Visit colourful Crawford Market and from there the more local bustling markets of Chor Bazaar (thieves Market), Zaveri Bazaar (Jewellery Market) and Mulji Jetha, the cloth bazaar.
If you’re even a little bit interested in India’s diverse religions and faiths, don’t miss the bustling Mahalaxmi Temple (for Goddess Laxshmi, the Goddess of Wealth) or Mumbadevi Temple, dedicated to the Goddess Mumbadevi, after whom Mumbai is named. Haji Ali Mosque has a unique history and wonderful situation being built on a rocky outcrop offshore. The mosque is only accessible at low tide. Of course the Parsi’s (Zoroastrian’s) have their ‘Towers of Silence’ where traditionally, vultures would pick the bones of their dead clean. Tragically these days, the vultures have all but disappeared.
One of the more unique sights of Mumbai is the intriguing Dhobi Ghats – the city’s laundry washers, although local Mumbaites are fascinated by our fascination! A stroll along Chowpatty Beach at sunset is a must, where you can try the local street delicacies such as Bhel Puri and experience the carnival-like atmosphere of the markets.
Mumbai is also India’s entertainment capital, and the home of Bollywood, so if you’re lucky you might bump into a star, a film shoot on the streets or even get offered a part as an extra in a Bollywood extravaganza. Why not take a tour of the Bollywood studios, or at the very least take a taxi ride past some of the more famous star’s homes.

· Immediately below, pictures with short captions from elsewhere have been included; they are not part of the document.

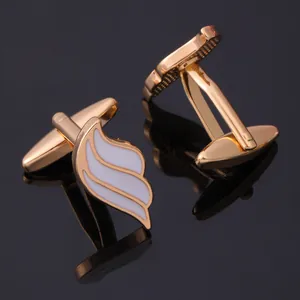 Macro view of gold winged cufflinks with white enamel inlay on a black reflective surface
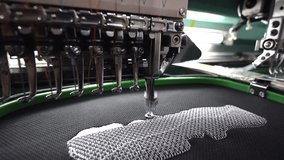 Embroidery student school name tag in Textile Industry at Garment Manufacturers Kota Kinabalu, Sabah, Malaysia.(selective focus and soft focus) - Powered by Shutterstock - Get 15% off with code: PIKWIZARD15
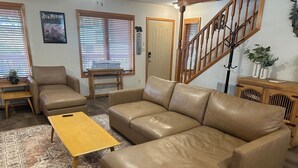 A living room with a sofa, a coffee table, a wooden bench, and a staircase. - KXDJ Riverside 1 on the River (Red River)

And of course, it’s hard to miss the fading grandeur of the British. Wandering around the Fort area of Mumbai, the British heritage is blatantly obvious when you see such remarkable buildings as VT Station, the High Court and Mumbai University.

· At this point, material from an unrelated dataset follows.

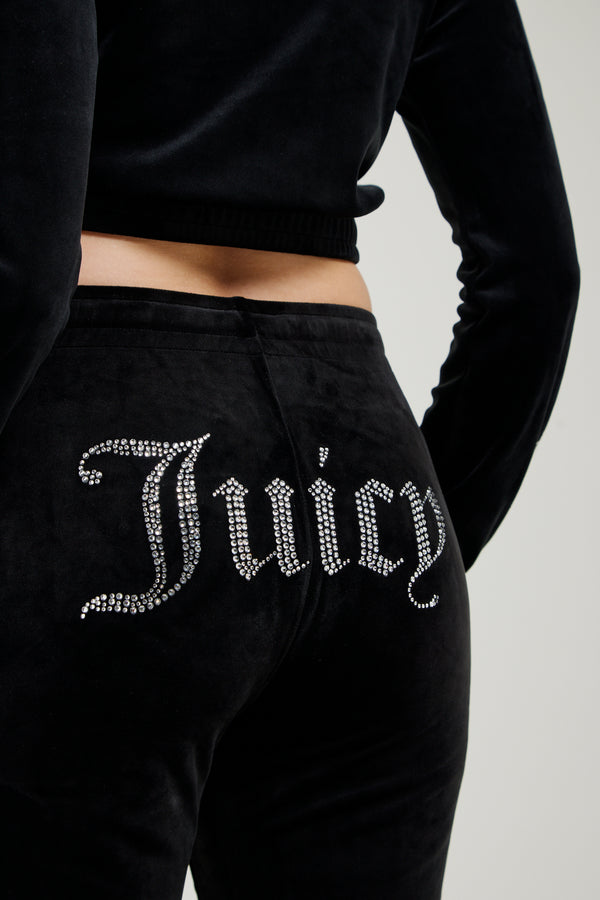 Black sweatpants with 'Juicy' text in rhinestones on a neutral background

Of course, Mumbai has had its share of tragedy. Scene of the 2008 terrorist attacks, the Taj Mahal hotel, situated in front of the Gateway of India, is now immortalised as one of India’s more infamous buildings. However, looking beyond its recent fame, it has a fascinating story, as the hotel built in 1903 by a wealthy Indian industrialist as a snub to the British who refused him entry into one of the exclusive British Clubs.